Monday, April 27, 2015

Protestantism is about 'word', and not sacraments, right?

Many former officers listed as a principle reason for resigning from ministry in the Army was their strong disagreement relative to the Army’s firm stand on the sacraments. Scores of excellent Salvation Army reading material has come forward throughout the years from some of our finest and most respected theologians, some (semi-warm) pro and others con, from the Founder on down. However, I doubt that it’s a debate that will ever abate.

While stationed in Moscow, Russia with my wife we were privileged to recruit, train and enroll more than 200 soldiers during our two year pioneering tenure. Almost 100% of them were Orthodox Russians, at least in name, and would expect the two sacraments of baptism and communion to be essential publicly exercised symbols of faith, and argued vehemently that they must be included in any Salvation Army rite of passage if they were to become Salvationists. Consequently, with valuable input and agreement from an initial number of recruits we settled on what constituted an acceptable form of the sacraments to link the 1,000 year old Orthodox tradition with the Russian Salvation Army’s own, from the years 1917-1923 and 1990-91. And the church grew – 

When, just 21/2 years later the expat officer leaders flipped and moved the Russian SA into one with mostly Dutch, Norwegian, Australian and American strains, the cultural divide became strained and growth stalled. Evangelism that embodied cultural relativism was sacrificed for ex-pat political ambition.
The Orthodox Metropolitan, Moscow 1991, in conversation with Captain Kathie Ljungholm and General Eva Burrows on the Army's welcome, purpose and intent in Russia.

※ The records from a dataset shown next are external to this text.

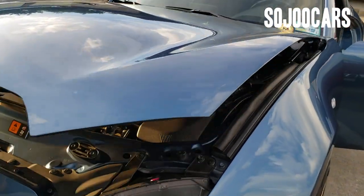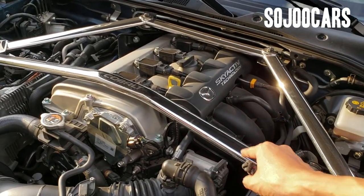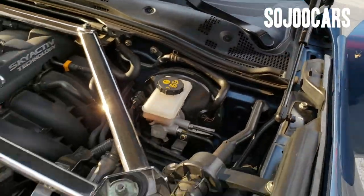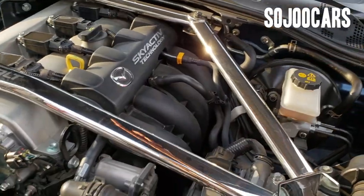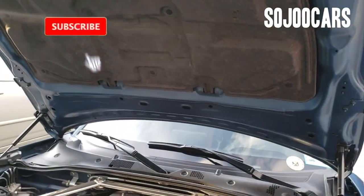Let's pop the hood. There are aftermarket parts — these don't come with the car when you buy it. It has Skyactiv technology, a tower bar, and an aftermarket air filter.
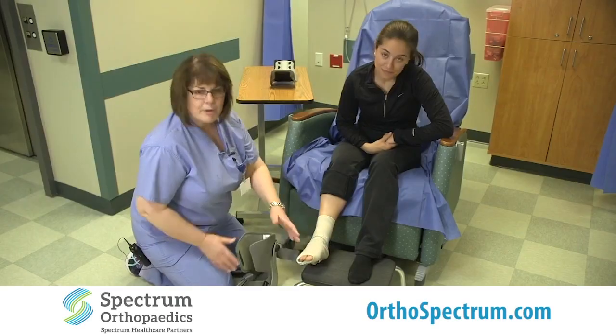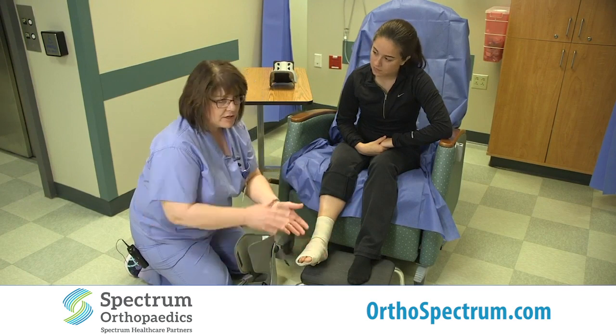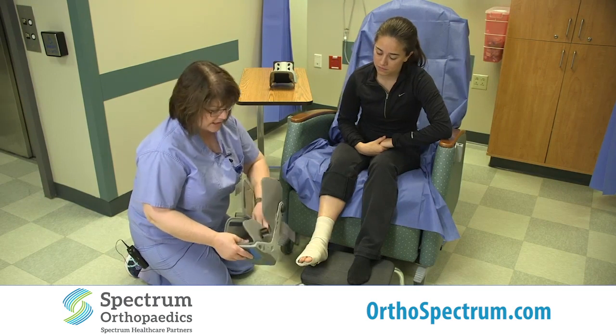After you have your first follow-up appointment, they will take down the dressing and you will likely have a much smaller bandage on your foot. At that point, you'll likely still be using the boot.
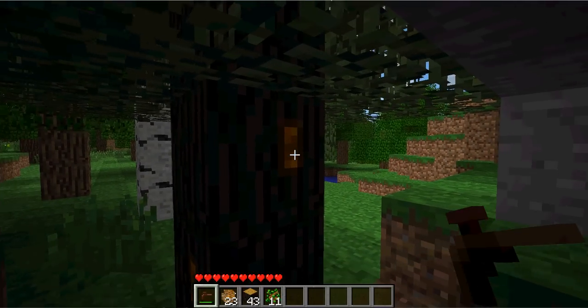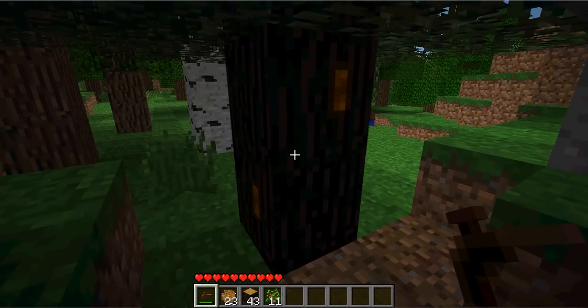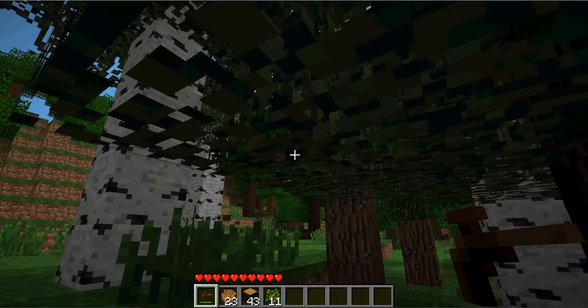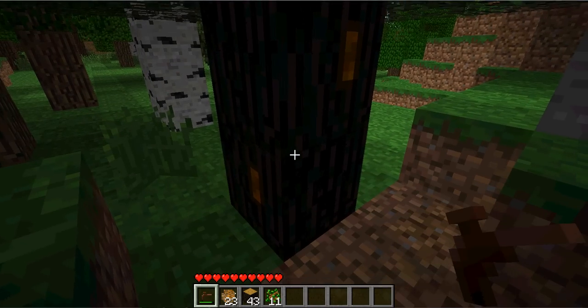Now, you notice these orange little squares — that means it's a rubber tree. Another way to notice a rubber tree is it has lighter leaves than the normal wood trees, just like the birch trees, but it has dark wood, just like the pine wood trees.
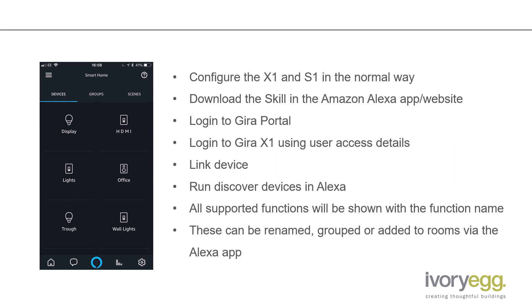Download the skill and it will ask you to log into the Gera portal using the user access details. Once you've done that, you can scroll down and log into the Gera X1 again using the user access details. Then you can link the device, which creates the connection from Amazon Alexa through to the X1 via the Gera portal and the S1.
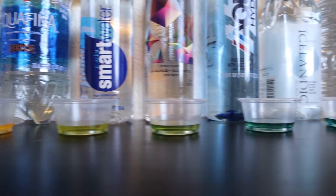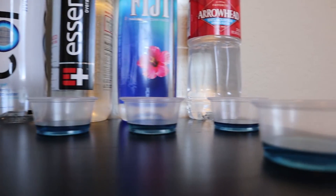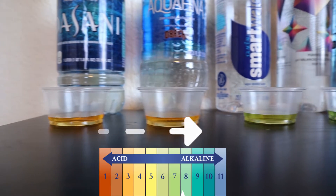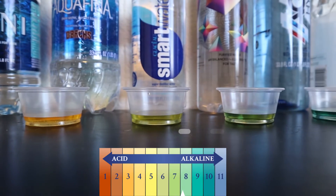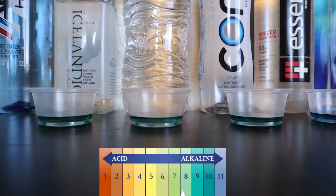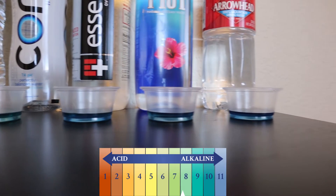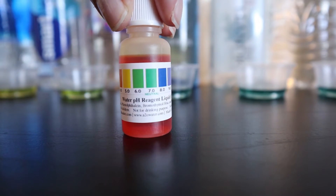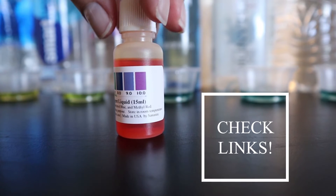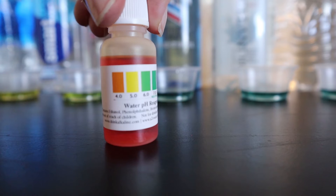Now I have all the water lined up from acidic to basic so you can get a better overview. I'll also list them out in the description as well. If you guys want to test the pH of your own water bottles or tap water at home, check out the link for this pH tester in the description below — I think it was like $10. It's also a cool tool to show your friends and be conscious of the water you are drinking.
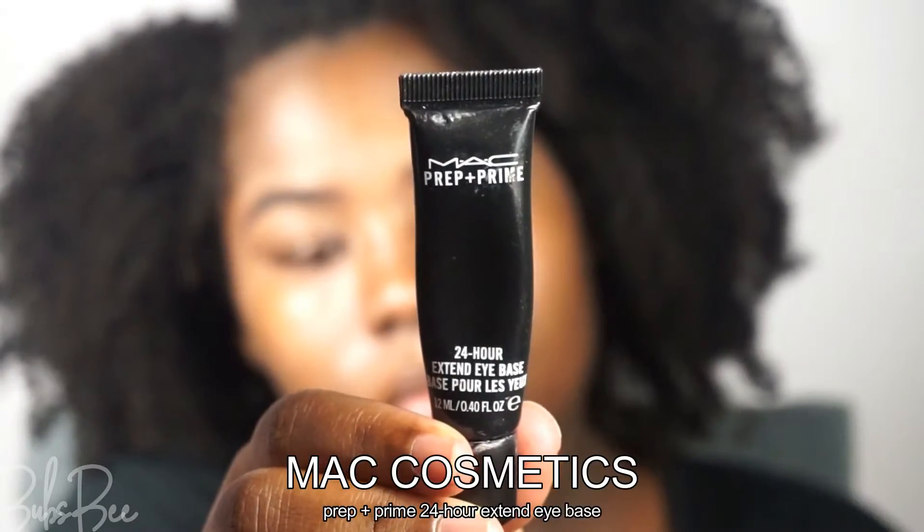Hey everybody, let's get into this makeup look — we're gonna go from this to this, real dramatic. So let's get started. My brows are already done, and I'm gonna prep my eyelids first with MAC Prep and Prime.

I will share my view on this disappointing turn of events at another time.
Sven Ljungholm


Phillip Cary of Eastern College has argued, “Protestantism cannot carry through its own deepest intention – to put faith in the word of Christ alone – without a Catholic doctrine of sacramental efficacy.”

That will sound counterintuitive or worse to many Evangelicals. Protestantism is about word, and not sacraments.

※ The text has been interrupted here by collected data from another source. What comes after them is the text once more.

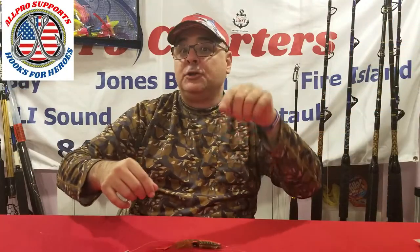Hey everyone, welcome back to the All Pro Show. I'm Captain V, and I'm going to take you on a journey today. Before I do, I want you to hit that subscribe button — it informs you whenever I put up new videos and you don't want to miss any of these videos.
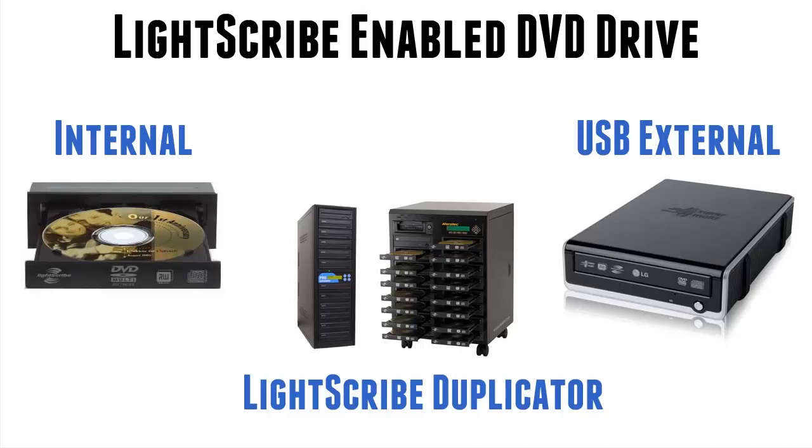Now the biggest question I get asked is how do I recognise if my drive that I've already got is a Lightscribe drive or not? That question can be answered in two ways. Firstly, if you've bought your PC or laptop within the last four years, it won't have one built in. If you bought an HP system prior to that — from 2006 really to 2011 — it's very likely it will have a Lightscribe drive in it.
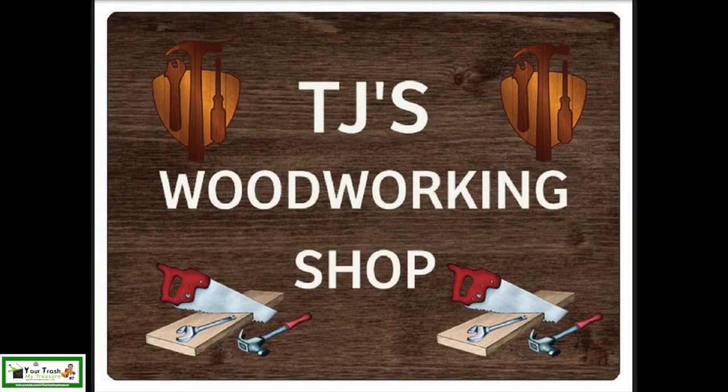So in this video, I'll be making a shop sign for TJ at TJ's Woodworking Shop. This is his channel icon, and I will make a sign to match it.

Cary is right, though. That’s a big claim, and this is a small article. So let me narrow and sharpen the point. Instead of “No sacraments, No Protestantism,” let’s say “No baptism, No justification.” That should get some attention. Why would a Protestant say there’s some crucial connection between baptism and justification?

The Bible, for starters. Paul links justification and baptism. The Corinthians had been the kind of people who do not inherit the kingdom, but Paul tells them they are no longer such people because “you were washed, but you were sanctified, but you were justified in the name of the Lord Jesus Christ, and in the Spirit of God” (1 Corinthians 6:11).

Does “washing” refer to water baptism? It seems so, since the whole passage is embedded in a baptismal formula: “you were washed . . . in the name of the Lord Jesus Christ.” The shift from what the Corinthians “were” to what they “are” is marked by their baptismal washing, which is both a sanctification and a justification.
Paul actually uses the word “baptize” with “justify” in Romans 6. Whoever dies, Paul writes, is “justified from sin” (v. 7). (That’s what the Greek says, though your English Bible may translate the verb as “freed.”) When does one die to sin? Paul has already told us: “Do you not know that all of us who have been baptized into Christ Jesus have been baptized into His death? Therefore we have been buried with Him through baptism into death” (vv. 3–4). Through baptism, we die to Adam and brought to life in society with Jesus. Paul calls that transition from the reign of Death to the reign of Life a “justification,” and it happens at baptism.
End part -1-

Peter Leithart is President of the Theopolis Institute Birmingham, Alabama.

1 comment:

Anonymous said...

Sven, I'd rather read more about your pioneering work and who were the successors that let us all down. And where are they serving now?
I'll read the sacraments debate at another time.